FIELD OF THE INVENTION

This invention relates to the stacking or unstacking technique, and in particular, to a robot-aided clamping device.

BACKGROUND OF THE INVENTION

The robot-aided devices are increasingly popular to be used in various industries. Just as an example, a robot-aided stacking or unstacking machine (also referred to as a palletizing robot) may be used to stack or unstack various storage boxes (also referred to as logistic boxes or tote boxes), which may greatly save labour and make stacking or unstacking operations more flexible, accurate and stable.

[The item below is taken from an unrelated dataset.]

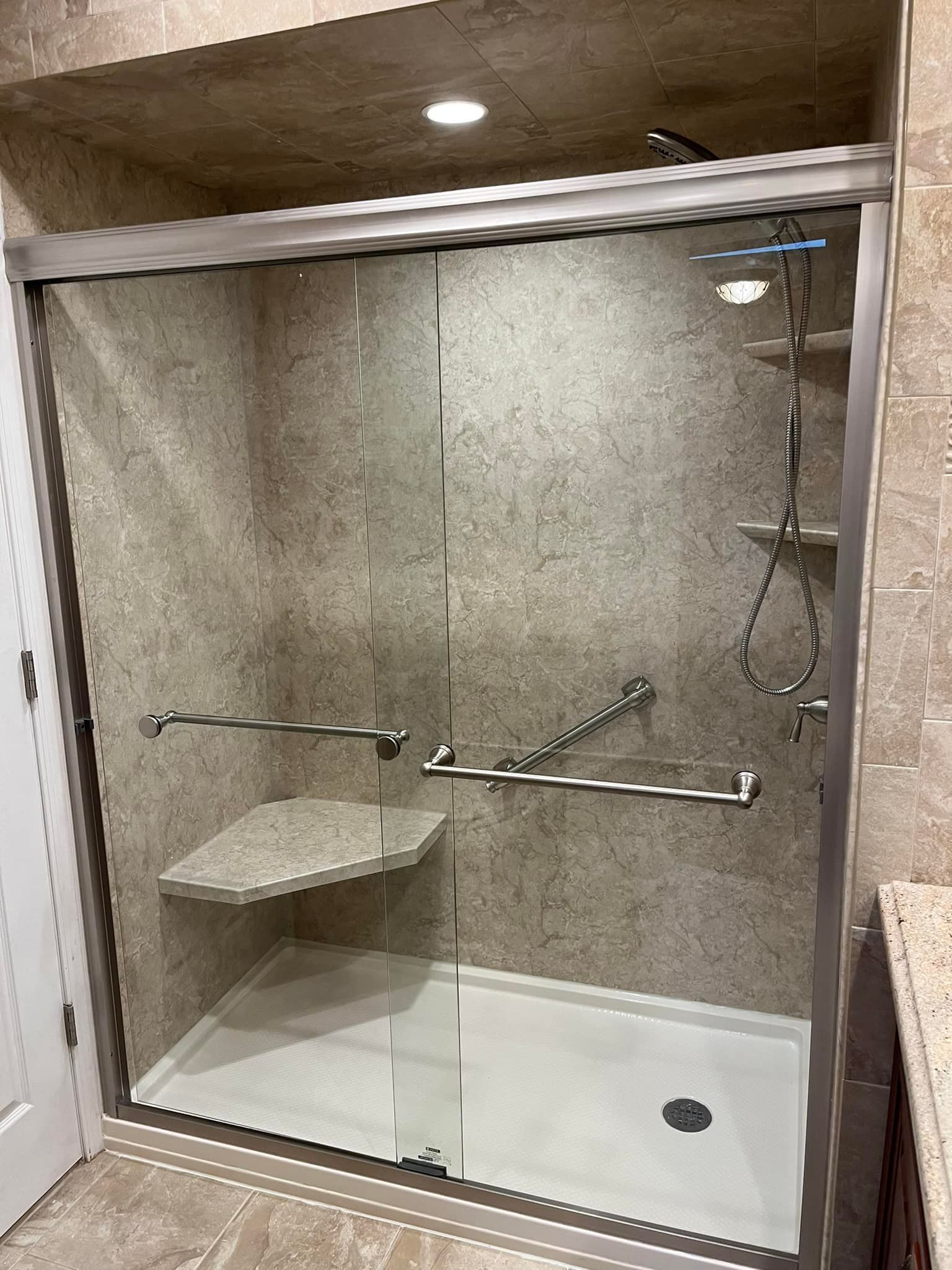 Accessible shower with grab bars, built-in seat, and sliding glass door. Beige walls.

In order to adapt to different working scenarios, a palletizing robot generally has a designed clamping fixture tailored to the actual working scenario, which clamping fixture may be e.g., a splint fixture, a claw fixture, or a vacuum sucking fixture.

SUMMARY OF THE INVENTION

The invention is defined by the claims.

According to one aspect of the disclosure, there is provided a robot-aided clamping device for pick-and-placing a storage box, comprising: a frame configured to be mounted on an end effector of a robot; and a plurality of clamping units including: at least one first clamping unit mounted on a first side of the frame and configured to clamp a first side wall of the storage box; and at least one second clamping unit mounted on a second side of the frame and configured to clamp a second side wall of the storage box; wherein the first side and the second side are non-opposite sides of the frame, and the first side wall and the second side wall are non-opposite side walls of the storage box.

In some embodiments, the first side and the second side are asymmetrical or adjacent sides of the frame, and the first side wall and the second side wall are asymmetrical or adjacent side walls of the storage box.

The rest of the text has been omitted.